BEGIN
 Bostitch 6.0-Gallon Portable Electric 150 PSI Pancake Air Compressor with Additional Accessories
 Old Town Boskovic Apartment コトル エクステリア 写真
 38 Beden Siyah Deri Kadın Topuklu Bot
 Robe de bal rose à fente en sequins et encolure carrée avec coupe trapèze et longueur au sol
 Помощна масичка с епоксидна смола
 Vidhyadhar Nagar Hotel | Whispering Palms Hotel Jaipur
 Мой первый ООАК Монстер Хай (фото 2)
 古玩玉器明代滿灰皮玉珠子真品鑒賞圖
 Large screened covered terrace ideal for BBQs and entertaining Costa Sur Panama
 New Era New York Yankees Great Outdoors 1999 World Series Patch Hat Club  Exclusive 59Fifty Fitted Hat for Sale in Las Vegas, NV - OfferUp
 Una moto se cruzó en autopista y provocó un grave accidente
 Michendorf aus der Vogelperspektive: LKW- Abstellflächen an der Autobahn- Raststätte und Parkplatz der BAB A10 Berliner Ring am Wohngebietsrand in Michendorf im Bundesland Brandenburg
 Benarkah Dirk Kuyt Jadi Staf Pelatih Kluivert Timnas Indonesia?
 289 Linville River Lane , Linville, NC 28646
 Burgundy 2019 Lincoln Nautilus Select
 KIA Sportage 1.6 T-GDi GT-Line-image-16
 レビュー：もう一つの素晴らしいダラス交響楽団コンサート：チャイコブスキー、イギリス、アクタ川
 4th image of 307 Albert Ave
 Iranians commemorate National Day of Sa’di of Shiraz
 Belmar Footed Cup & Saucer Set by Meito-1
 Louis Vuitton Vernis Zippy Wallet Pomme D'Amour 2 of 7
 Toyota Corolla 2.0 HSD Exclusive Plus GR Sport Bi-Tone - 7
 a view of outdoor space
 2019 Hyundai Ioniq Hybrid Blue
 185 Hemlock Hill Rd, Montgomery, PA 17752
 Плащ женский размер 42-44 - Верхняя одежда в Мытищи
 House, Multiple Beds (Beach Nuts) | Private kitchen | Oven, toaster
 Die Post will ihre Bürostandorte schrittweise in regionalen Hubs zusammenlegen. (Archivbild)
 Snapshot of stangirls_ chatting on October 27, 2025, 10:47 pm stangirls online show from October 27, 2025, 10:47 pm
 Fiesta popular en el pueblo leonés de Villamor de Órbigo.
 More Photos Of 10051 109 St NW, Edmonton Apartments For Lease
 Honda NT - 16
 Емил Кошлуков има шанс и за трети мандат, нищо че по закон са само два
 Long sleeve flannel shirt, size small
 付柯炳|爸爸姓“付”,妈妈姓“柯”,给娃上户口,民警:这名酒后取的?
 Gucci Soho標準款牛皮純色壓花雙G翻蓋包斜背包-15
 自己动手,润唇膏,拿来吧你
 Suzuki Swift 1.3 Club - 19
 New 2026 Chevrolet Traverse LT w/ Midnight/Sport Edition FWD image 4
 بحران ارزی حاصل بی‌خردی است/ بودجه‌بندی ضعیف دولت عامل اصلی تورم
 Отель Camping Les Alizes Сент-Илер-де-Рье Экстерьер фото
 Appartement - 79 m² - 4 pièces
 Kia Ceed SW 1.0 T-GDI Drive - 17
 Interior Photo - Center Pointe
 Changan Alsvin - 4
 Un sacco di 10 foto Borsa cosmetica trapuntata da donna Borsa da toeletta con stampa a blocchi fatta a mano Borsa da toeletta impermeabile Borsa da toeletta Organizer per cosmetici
END
Retype, exactly and with nothing added, the lines of the material above from the first through the one that contains "Robe de bal".

 Bostitch 6.0-Gallon Portable Electric 150 PSI Pancake Air Compressor with Additional Accessories
 Old Town Boskovic Apartment コトル エクステリア 写真
 38 Beden Siyah Deri Kadın Topuklu Bot
 Robe de bal rose à fente en sequins et encolure carrée avec coupe trapèze et longueur au sol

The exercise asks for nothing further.